Overlapping regions and priority
--------------------------------
Usually, regions may not overlap each other; a memory address decodes into
exactly one target.  In some cases it is useful to allow regions to overlap,
and sometimes to control which of an overlapping regions is visible to the
guest.  This is done with memory_region_add_subregion_overlap(), which
allows the region to overlap any other region in the same container, and
specifies a priority that allows the core to decide which of two regions at
the same address are visible (highest wins).
Priority values are signed, and the default value is zero. This means that
you can use memory_region_add_subregion_overlap() both to specify a region
that must sit 'above' any others (with a positive priority) and also a
background region that sits 'below' others (with a negative priority).
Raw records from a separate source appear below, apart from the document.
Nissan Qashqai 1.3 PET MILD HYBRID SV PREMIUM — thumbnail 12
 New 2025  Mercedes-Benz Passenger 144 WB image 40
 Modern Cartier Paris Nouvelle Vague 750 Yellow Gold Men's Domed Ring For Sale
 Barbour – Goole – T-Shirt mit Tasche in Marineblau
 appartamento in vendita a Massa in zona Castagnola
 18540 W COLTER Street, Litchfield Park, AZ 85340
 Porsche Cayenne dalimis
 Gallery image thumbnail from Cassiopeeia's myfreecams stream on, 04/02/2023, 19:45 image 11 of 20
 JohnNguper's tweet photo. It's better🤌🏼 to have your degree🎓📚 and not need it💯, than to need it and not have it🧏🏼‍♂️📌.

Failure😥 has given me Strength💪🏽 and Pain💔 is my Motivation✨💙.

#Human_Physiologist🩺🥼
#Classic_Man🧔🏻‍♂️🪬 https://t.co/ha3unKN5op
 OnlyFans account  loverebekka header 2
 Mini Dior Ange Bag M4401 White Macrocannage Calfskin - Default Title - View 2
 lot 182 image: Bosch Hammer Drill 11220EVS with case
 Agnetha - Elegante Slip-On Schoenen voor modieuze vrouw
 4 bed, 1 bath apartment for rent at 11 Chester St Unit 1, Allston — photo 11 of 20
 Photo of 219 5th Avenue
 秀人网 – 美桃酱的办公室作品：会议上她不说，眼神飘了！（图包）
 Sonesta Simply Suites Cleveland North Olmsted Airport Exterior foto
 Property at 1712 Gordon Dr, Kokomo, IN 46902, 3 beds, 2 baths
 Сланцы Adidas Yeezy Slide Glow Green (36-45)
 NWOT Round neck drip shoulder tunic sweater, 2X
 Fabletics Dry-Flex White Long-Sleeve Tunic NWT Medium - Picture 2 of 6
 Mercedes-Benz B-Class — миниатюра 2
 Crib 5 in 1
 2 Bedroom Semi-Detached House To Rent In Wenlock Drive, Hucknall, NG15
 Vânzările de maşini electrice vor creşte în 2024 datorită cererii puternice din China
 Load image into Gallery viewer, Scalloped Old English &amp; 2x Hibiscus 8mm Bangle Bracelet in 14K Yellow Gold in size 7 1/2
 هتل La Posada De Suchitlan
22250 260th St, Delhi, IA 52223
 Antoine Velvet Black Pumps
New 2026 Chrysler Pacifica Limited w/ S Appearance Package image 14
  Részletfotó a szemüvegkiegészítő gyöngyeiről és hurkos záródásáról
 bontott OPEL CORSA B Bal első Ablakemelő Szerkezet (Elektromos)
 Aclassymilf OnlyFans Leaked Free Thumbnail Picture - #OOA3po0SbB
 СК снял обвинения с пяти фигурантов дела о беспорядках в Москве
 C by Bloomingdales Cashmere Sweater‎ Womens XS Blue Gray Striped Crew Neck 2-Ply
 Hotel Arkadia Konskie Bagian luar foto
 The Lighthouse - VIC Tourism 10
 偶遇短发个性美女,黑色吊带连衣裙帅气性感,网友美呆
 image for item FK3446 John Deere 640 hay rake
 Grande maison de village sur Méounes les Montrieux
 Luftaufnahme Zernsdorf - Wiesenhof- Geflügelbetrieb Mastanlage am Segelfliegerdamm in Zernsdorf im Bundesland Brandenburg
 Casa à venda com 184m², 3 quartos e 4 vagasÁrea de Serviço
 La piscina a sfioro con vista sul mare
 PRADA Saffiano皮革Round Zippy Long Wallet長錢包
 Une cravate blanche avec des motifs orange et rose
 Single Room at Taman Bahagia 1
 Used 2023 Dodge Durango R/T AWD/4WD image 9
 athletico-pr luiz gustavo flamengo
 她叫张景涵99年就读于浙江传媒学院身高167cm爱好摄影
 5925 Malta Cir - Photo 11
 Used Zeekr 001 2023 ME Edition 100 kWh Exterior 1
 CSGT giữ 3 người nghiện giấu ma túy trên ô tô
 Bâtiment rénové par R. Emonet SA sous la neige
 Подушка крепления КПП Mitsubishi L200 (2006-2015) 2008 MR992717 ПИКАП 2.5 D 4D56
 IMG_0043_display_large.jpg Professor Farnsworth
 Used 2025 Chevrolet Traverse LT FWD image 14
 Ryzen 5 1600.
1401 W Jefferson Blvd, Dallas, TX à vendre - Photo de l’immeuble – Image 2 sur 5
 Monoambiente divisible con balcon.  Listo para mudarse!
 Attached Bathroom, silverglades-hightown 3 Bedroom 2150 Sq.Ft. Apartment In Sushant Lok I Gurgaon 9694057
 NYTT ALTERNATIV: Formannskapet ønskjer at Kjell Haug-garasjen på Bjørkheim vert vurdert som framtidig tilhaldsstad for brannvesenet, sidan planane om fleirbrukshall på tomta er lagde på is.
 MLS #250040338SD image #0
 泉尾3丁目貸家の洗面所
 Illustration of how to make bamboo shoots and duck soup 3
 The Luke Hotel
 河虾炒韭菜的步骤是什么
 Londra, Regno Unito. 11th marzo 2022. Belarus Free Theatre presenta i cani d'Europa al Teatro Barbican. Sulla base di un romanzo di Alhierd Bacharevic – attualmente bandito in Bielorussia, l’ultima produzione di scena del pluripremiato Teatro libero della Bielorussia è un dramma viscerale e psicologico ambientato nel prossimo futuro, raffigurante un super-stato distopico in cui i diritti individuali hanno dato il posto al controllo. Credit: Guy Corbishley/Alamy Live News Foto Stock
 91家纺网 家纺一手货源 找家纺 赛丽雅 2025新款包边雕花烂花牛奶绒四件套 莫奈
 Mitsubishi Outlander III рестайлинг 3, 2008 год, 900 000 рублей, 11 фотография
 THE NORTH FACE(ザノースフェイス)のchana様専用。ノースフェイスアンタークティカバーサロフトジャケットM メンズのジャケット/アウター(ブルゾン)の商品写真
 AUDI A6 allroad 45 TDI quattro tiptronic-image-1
If the higher priority region in an overlap is a container or alias, then
the lower priority region will appear in any "holes" that the higher priority
region has left by not mapping subregions to that area of its address range.
(This applies recursively -- if the subregions are themselves containers or
aliases that leave holes then the lower priority region will appear in these
holes too.)

For example, suppose we have a container A of size 0x8000 with two subregions
B and C. B is a container mapped at 0x2000, size 0x4000, priority 2; C is
an MMIO region mapped at 0x0, size 0x6000, priority 1. B currently has two
of its own subregions: D of size 0x1000 at offset 0 and E of size 0x1000 at
offset 0x2000. As a diagram::

        0      1000   2000   3000   4000   5000   6000   7000   8000
        |------|------|------|------|------|------|------|------|
  A:    [                                                      ]
  C:    [CCCCCCCCCCCCCCCCCCCCCCCCCCCCCCCCCCCCCCCC]
  B:                  [                          ]
  D:                  [DDDDD]
  E:                                [EEEEE]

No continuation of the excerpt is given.